- [Brief]: Each record below must be retyped exactly, with nothing left out.

--- Data to use ---

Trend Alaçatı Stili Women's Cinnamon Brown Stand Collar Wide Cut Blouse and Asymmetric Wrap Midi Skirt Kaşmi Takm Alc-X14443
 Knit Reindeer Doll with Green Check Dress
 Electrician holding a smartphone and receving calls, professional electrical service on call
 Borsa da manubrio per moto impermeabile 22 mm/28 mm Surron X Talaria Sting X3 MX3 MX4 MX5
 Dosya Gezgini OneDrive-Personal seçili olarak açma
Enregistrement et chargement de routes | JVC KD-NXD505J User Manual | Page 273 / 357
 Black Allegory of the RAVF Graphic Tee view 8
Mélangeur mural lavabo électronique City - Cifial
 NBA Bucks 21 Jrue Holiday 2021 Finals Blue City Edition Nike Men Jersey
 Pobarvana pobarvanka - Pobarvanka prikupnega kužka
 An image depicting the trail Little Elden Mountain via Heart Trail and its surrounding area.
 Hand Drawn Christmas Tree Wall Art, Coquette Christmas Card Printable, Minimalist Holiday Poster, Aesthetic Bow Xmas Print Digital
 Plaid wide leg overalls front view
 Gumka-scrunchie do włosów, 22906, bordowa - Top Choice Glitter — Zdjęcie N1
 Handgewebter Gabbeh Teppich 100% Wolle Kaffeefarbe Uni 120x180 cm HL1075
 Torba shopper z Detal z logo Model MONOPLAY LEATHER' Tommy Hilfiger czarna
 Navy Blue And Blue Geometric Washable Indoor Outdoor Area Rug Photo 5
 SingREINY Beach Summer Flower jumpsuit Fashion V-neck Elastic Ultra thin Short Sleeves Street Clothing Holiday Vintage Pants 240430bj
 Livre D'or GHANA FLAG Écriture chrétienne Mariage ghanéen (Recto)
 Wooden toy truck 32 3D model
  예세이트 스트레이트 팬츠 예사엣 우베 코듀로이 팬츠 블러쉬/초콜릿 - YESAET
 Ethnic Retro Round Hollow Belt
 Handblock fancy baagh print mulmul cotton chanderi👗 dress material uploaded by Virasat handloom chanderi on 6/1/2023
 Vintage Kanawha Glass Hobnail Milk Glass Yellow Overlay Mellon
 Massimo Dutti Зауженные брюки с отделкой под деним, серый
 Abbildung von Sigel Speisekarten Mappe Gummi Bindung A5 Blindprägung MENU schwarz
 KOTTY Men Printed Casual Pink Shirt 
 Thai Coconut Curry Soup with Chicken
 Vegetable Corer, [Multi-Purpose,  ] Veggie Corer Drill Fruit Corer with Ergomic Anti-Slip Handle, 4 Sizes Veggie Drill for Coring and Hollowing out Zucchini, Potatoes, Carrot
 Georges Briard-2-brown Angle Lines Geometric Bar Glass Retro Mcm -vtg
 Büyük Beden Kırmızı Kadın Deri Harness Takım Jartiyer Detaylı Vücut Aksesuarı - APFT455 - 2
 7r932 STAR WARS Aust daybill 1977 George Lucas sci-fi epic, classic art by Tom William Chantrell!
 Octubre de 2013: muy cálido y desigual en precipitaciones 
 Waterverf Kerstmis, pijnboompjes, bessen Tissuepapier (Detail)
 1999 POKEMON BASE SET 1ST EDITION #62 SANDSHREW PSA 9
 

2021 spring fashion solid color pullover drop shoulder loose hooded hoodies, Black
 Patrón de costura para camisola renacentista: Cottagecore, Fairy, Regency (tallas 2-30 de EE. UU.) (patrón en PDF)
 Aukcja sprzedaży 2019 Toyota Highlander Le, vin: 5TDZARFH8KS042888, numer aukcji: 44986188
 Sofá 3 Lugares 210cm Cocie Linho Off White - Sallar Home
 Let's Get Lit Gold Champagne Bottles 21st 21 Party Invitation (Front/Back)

---

- [Output of the task]:
Trend Alaçatı Stili Women's Cinnamon Brown Stand Collar Wide Cut Blouse and Asymmetric Wrap Midi Skirt Kaşmi Takm Alc-X14443
 Knit Reindeer Doll with Green Check Dress
 Electrician holding a smartphone and receving calls, professional electrical service on call
 Borsa da manubrio per moto impermeabile 22 mm/28 mm Surron X Talaria Sting X3 MX3 MX4 MX5
 Dosya Gezgini OneDrive-Personal seçili olarak açma
Enregistrement et chargement de routes | JVC KD-NXD505J User Manual | Page 273 / 357
 Black Allegory of the RAVF Graphic Tee view 8
Mélangeur mural lavabo électronique City - Cifial
 NBA Bucks 21 Jrue Holiday 2021 Finals Blue City Edition Nike Men Jersey
 Pobarvana pobarvanka - Pobarvanka prikupnega kužka
 An image depicting the trail Little Elden Mountain via Heart Trail and its surrounding area.
 Hand Drawn Christmas Tree Wall Art, Coquette Christmas Card Printable, Minimalist Holiday Poster, Aesthetic Bow Xmas Print Digital
 Plaid wide leg overalls front view
 Gumka-scrunchie do włosów, 22906, bordowa - Top Choice Glitter — Zdjęcie N1
 Handgewebter Gabbeh Teppich 100% Wolle Kaffeefarbe Uni 120x180 cm HL1075
 Torba shopper z Detal z logo Model MONOPLAY LEATHER' Tommy Hilfiger czarna
 Navy Blue And Blue Geometric Washable Indoor Outdoor Area Rug Photo 5
 SingREINY Beach Summer Flower jumpsuit Fashion V-neck Elastic Ultra thin Short Sleeves Street Clothing Holiday Vintage Pants 240430bj
 Livre D'or GHANA FLAG Écriture chrétienne Mariage ghanéen (Recto)
 Wooden toy truck 32 3D model
  예세이트 스트레이트 팬츠 예사엣 우베 코듀로이 팬츠 블러쉬/초콜릿 - YESAET
 Ethnic Retro Round Hollow Belt
 Handblock fancy baagh print mulmul cotton chanderi👗 dress material uploaded by Virasat handloom chanderi on 6/1/2023
 Vintage Kanawha Glass Hobnail Milk Glass Yellow Overlay Mellon
 Massimo Dutti Зауженные брюки с отделкой под деним, серый
 Abbildung von Sigel Speisekarten Mappe Gummi Bindung A5 Blindprägung MENU schwarz
 KOTTY Men Printed Casual Pink Shirt 
 Thai Coconut Curry Soup with Chicken
 Vegetable Corer, [Multi-Purpose,  ] Veggie Corer Drill Fruit Corer with Ergomic Anti-Slip Handle, 4 Sizes Veggie Drill for Coring and Hollowing out Zucchini, Potatoes, Carrot
 Georges Briard-2-brown Angle Lines Geometric Bar Glass Retro Mcm -vtg
 Büyük Beden Kırmızı Kadın Deri Harness Takım Jartiyer Detaylı Vücut Aksesuarı - APFT455 - 2
 7r932 STAR WARS Aust daybill 1977 George Lucas sci-fi epic, classic art by Tom William Chantrell!
 Octubre de 2013: muy cálido y desigual en precipitaciones 
 Waterverf Kerstmis, pijnboompjes, bessen Tissuepapier (Detail)
 1999 POKEMON BASE SET 1ST EDITION #62 SANDSHREW PSA 9
 

2021 spring fashion solid color pullover drop shoulder loose hooded hoodies, Black
 Patrón de costura para camisola renacentista: Cottagecore, Fairy, Regency (tallas 2-30 de EE. UU.) (patrón en PDF)
 Aukcja sprzedaży 2019 Toyota Highlander Le, vin: 5TDZARFH8KS042888, numer aukcji: 44986188
 Sofá 3 Lugares 210cm Cocie Linho Off White - Sallar Home
 Let's Get Lit Gold Champagne Bottles 21st 21 Party Invitation (Front/Back)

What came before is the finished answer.